> Work task:
In the reply, give back exactly the lines from the one with "Cover art for Elton John Greatest Hits" through the last line of the records, without pictures.

============================================================

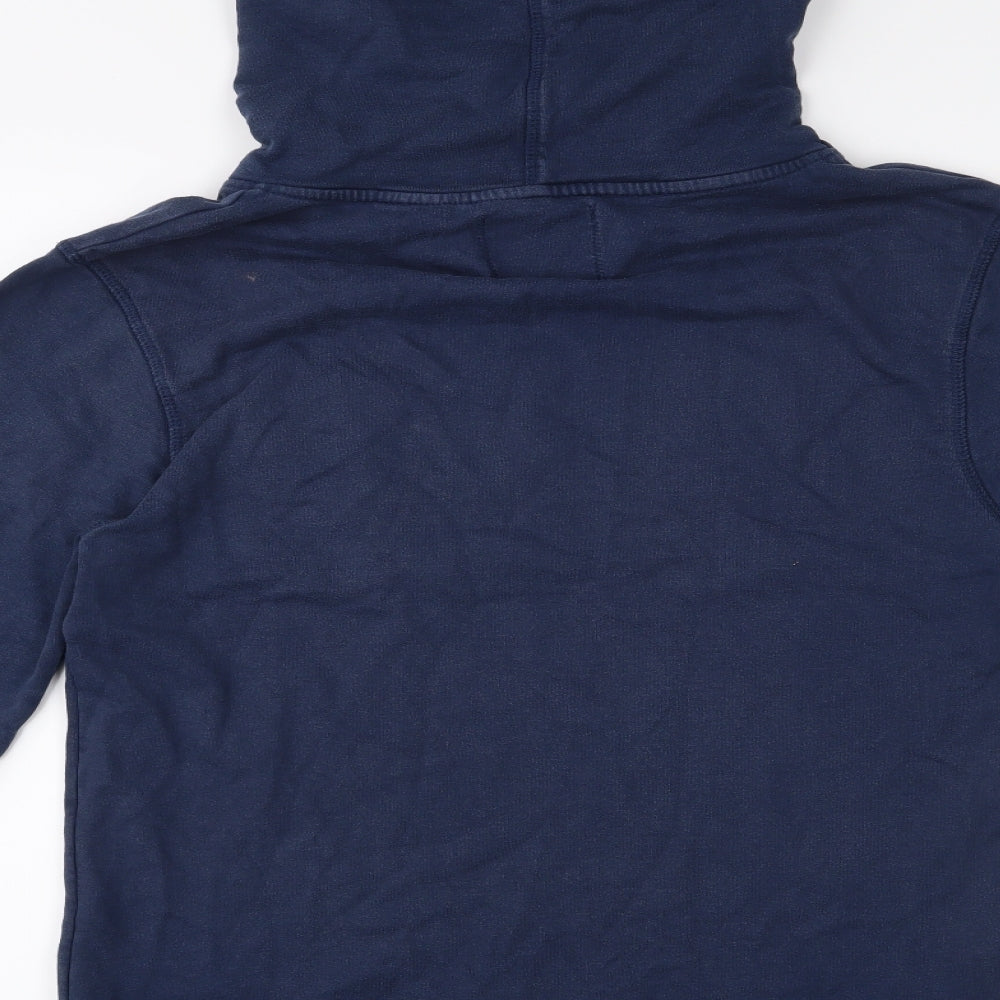 Jack Jones Mens Blue   Pullover Hoodie Size M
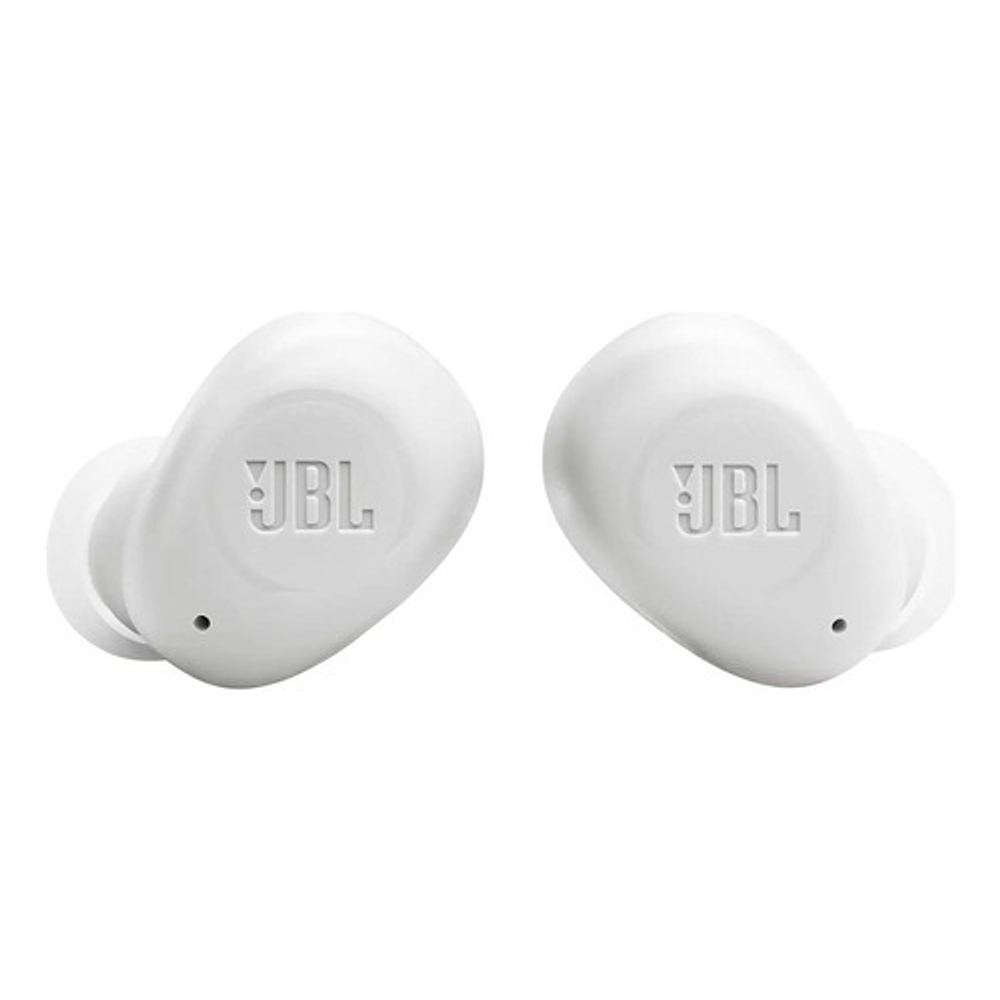 Auriculares Bluetooth Jbl Wave Buds Tws Y Color Blanco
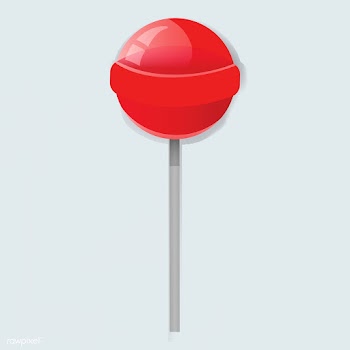 Red Lollipop Candy Sweet Icon Illustration Ve.. | Free stock vector - 390001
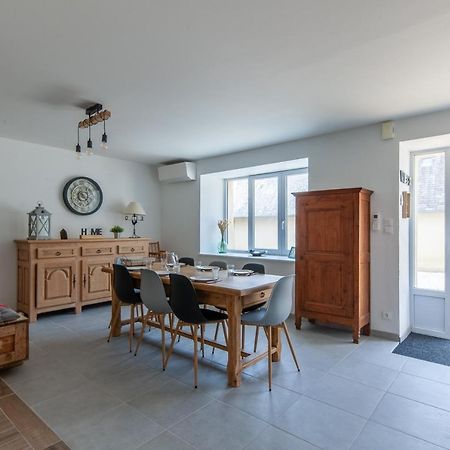 Gite Du Tilleul - Maison Climatisee Pour 8 Voyageurs Houesville Zewnętrze zdjęcie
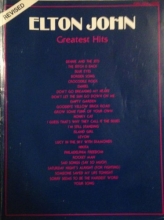 Cover art for Elton John Greatest Hits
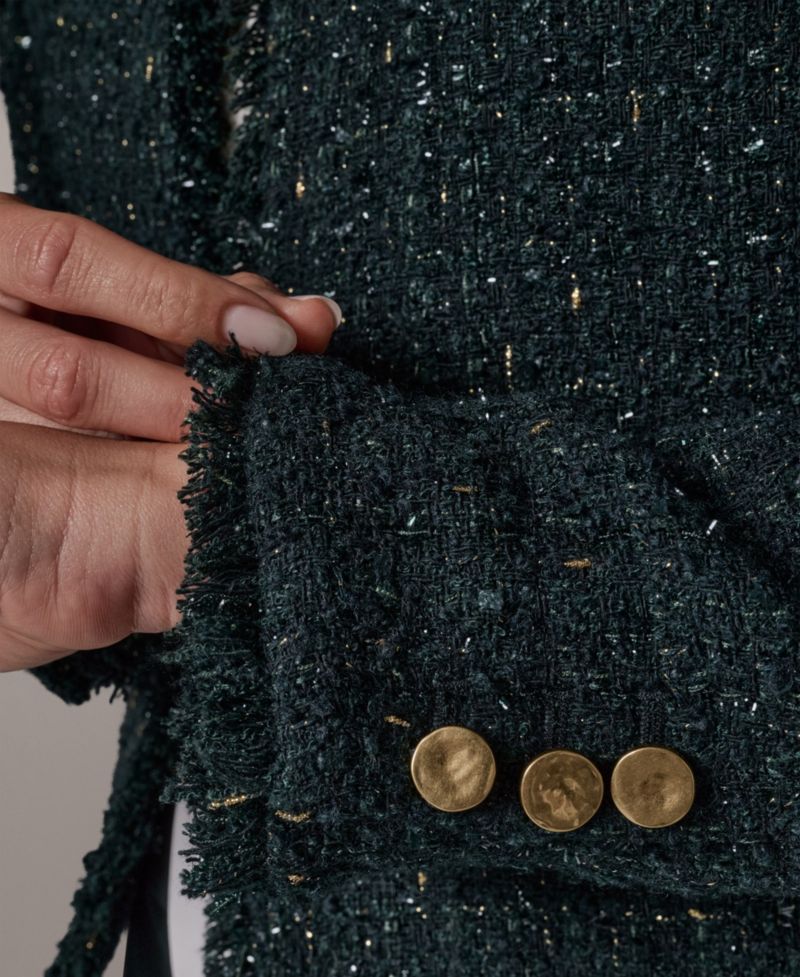 Women's Open-Front Fring Jacket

============================================================

> Output below:
 Cover art for Elton John Greatest Hits
 Women's Open-Front Fring Jacket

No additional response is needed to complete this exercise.